# The PlayBunny Mansion



## SunnyCait (Oct 21, 2011)

I thought it might be about time to start one of these... Mostly for the copious amount of pictures I take! 

Just a short intro, this will be a blog for my two rabbits, Holly and Hugh. 

Yes. The title. The names. You get it. Sadly, there will be no other bunnies at this mansion (in reality it's half of a duplex in Pasadena, not the sprawling abode in Holmby Hills their namesakes live in, but they're rabbits, they don't know the difference and I'm not going to be the one to tell them). 

Let's start with Holly... We basically know nothing about Holly. Don't know what color she is (white with grey/green eyes and very very muted points), have no idea on breed (besides the ability to tack on "lop"), no idea on real birthdate (though we've decided to guesstimate July 5th of this year), and until recently we were all under the impression that she was female (obviously) which has turned out to be not quite the truth. For all intents and purposes though we will be calling her HER and she will be referred to as SHE, for all of our sanity's sakes. Once she is neutered (November! WOOT!) this will just be a blip on the radar. 







Holly is a very independent rabbit, but she's extremely happy and makes it fairly obvious by doing countless binkies, ripping around the living room doing Bunny 500s, chewing DVD cases, and burrowing underneath the couch. She isn't much for cuddling or even petting unless you catch her in a rare moment, but she's so silly and hilarious to watch that despite that she forces you to appreciate her for how she is anyway. She's come a long way from when I first brought her home, a scared little ball of fluff whose eyes always seemed to be widened in fear. Now she tolerates her people's presence very well so long as no one tries to catch her to put her in her cage for the night, and she's very much a curious and adventuresome creature. She's also the first rabbit of mine who truly enjoyed toys: tossing them, rolling them, chewing them, carrying them about. She's more entertaining than Jersey Shore, just you dare and try to eat apple chips on the couch.
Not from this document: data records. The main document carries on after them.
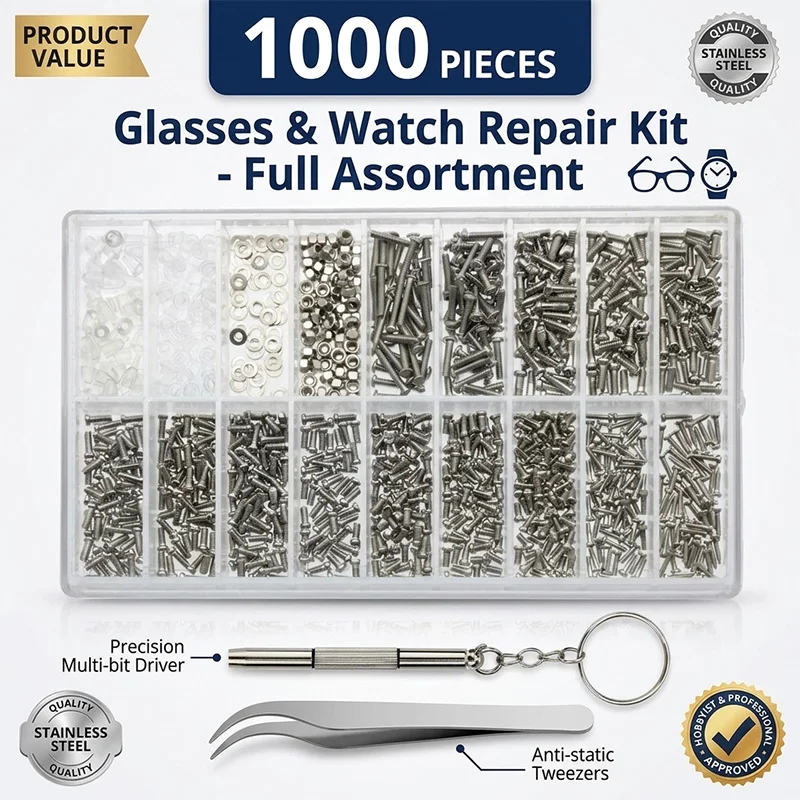 1000Pcs Glasses Repair Kit Precision Screwdriver Set Stainless Steel Tiny Screws Nut Assortment for Sunglasses Watch
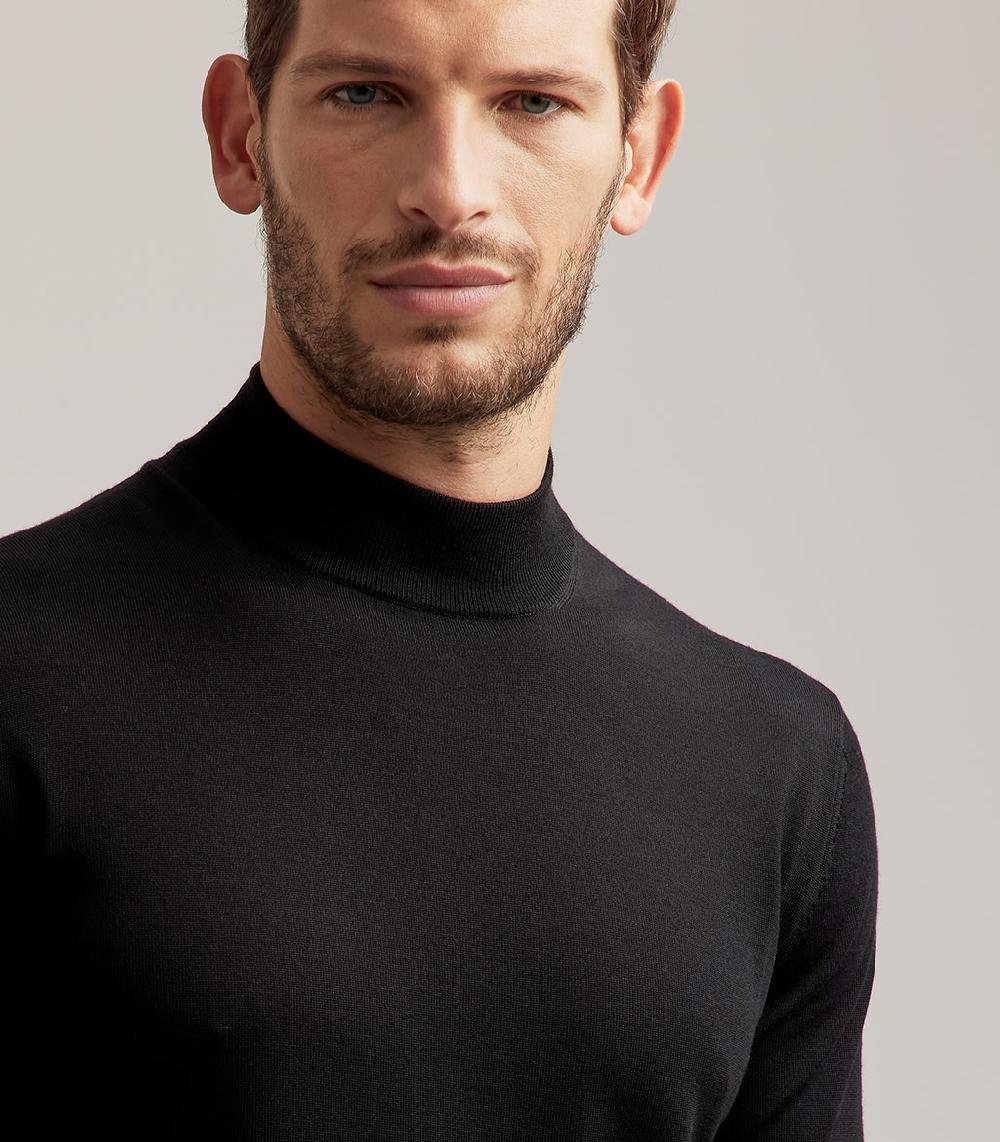 S.Moritz LUPETTO ROYAL MERINO - NERO Spedizione Gratuita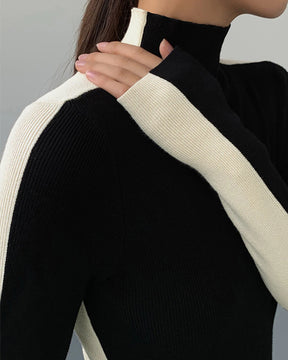 Two Tone Double Sided Long Sleeve Knit Top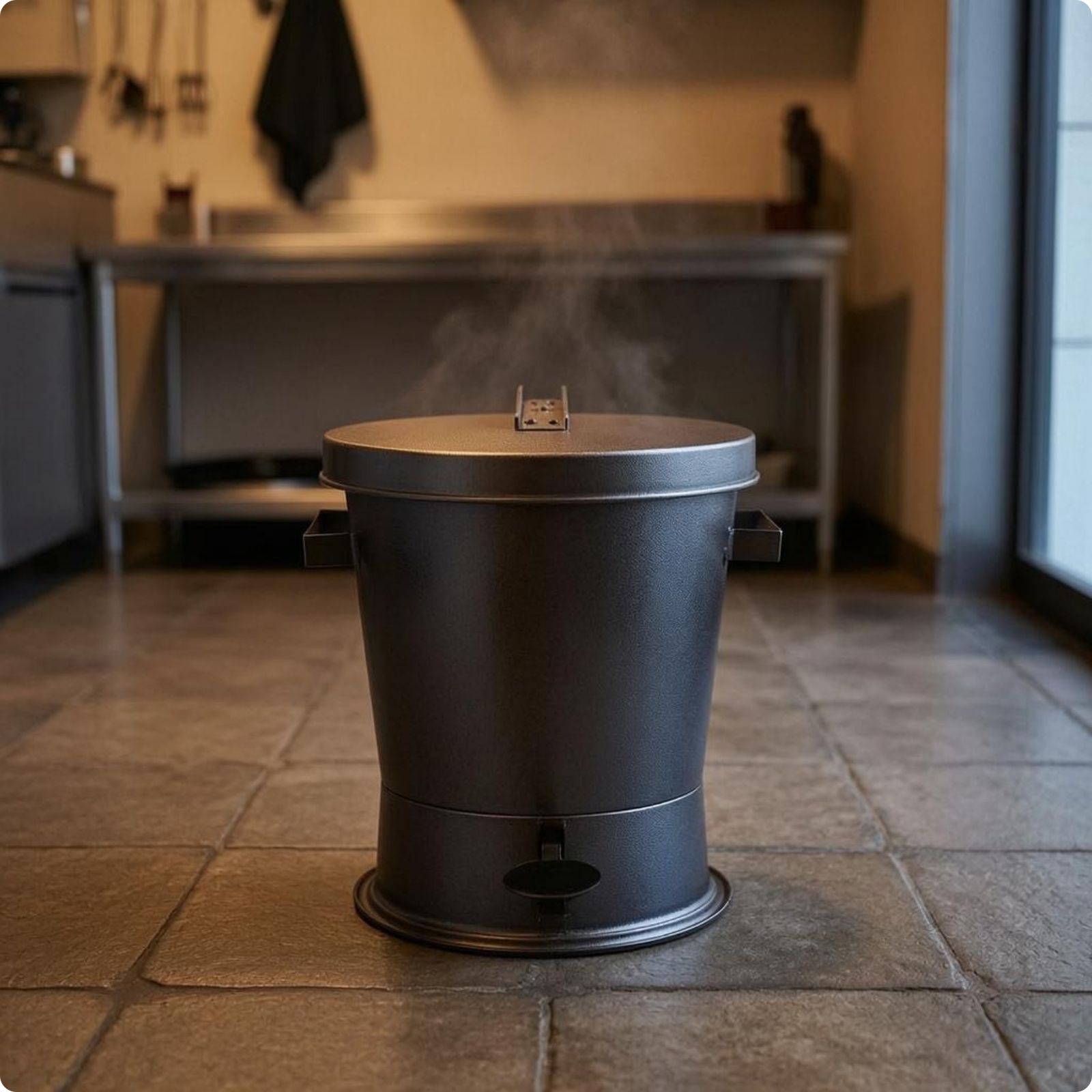 Charcoal Extinguishing Container Wide Flared Base Lidded Metal Charcoal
I dare you. You'll end up with a lap full of Holly and no apple chips to speak of in 5 seconds flat! 

And now Hugh! Hugh is our stately older gentleman bunn (4 and a half years of age according to his previous owner, who had owned him his whole life from the age of 7 weeks). We have no idea on his color (never seen anything like it) though we are for sure of his breed, mini-lop. Our original hope (because we had Holly, our "girl", first) was to find a neutered male rabbit, one who needed a home and one who was a sight friendlier than our fiesty resident bunny. Eventually they would be bonded together and heave ho we'd have an adorable pair of ironically named rabbits who would be our last additions to the family for some time. 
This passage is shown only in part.